Маяковский поэт движения, динамики, вихря. Для него с 1910 года, с самых первых его стихов, все куда-то несется и скачет. Эта скачка массивных вещей — излюбленный прием у Маяковского. Все его образы стремятся к высшей моторности, к акции. Он положительно не способен изобразить что-нибудь устойчивое, спокойное, тихое. Теперь у него на каждой странице:
— Париж был вырван и вытоплен в бездне.
— Взъярился Нил… и потопла в нем… Африка.
— Улицы льются, растопленный дом низвергается на дом… Весь мир… льется сплошным водопадом.
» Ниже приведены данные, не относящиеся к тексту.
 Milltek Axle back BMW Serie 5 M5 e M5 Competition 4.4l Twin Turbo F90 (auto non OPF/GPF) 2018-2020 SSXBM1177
Даже солнце у него бегает по небу:
— Металось солнце, сумасшедший маляр.
Изображая это катастрофическое сотрясение вселенной, он, естественно, чувствует себя каким-то безумцем, которого это зрелище доводит до транса:
— Я уже наполовину сумасшедший! — восклицает он в одном стихотворении.
— Это мысли сумасшедшей ворохи, — восклицает в другом.
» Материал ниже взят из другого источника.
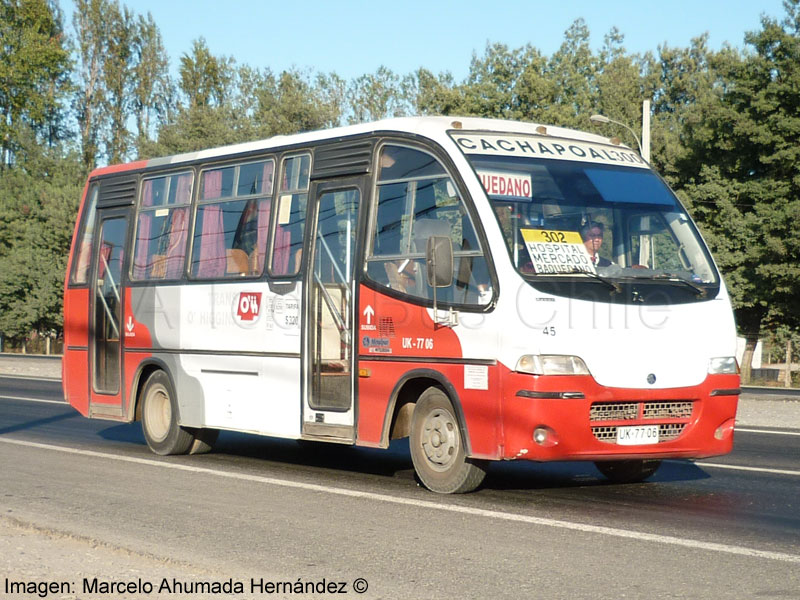 Metalpar Aysén / Mitsubishi FE659HZ6SL / Línea 300 Sur - Poniente (Cachapoal) Trans O'Higgins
— Уже сумасшествие! Ничего не будет!..
— Да здравствует мое сумасшествие!..
Как будто специально для него началась война, а потом революция. Без войны и революции ему было никак невозможно. Как же быть поэту катастроф — без катастроф? Весь его литературный организм приспособлен исключительно для этих сюжетов: как в тигре каждый дюйм — ловец и охотник, а в дождевом черве — землеед, так и в Маяковском нет ни единого свойства, ни одной самомалейшей черты, которые не создали бы из него поэта революций и войн. Именно для этих сюжетов нужен тот гиперболический стиль, тот гигантизм, то тяготение к огромности, которые органически присущи ему. Для таких широких событий, творимых многомиллионными толпами, нужен и масштаб миллионный.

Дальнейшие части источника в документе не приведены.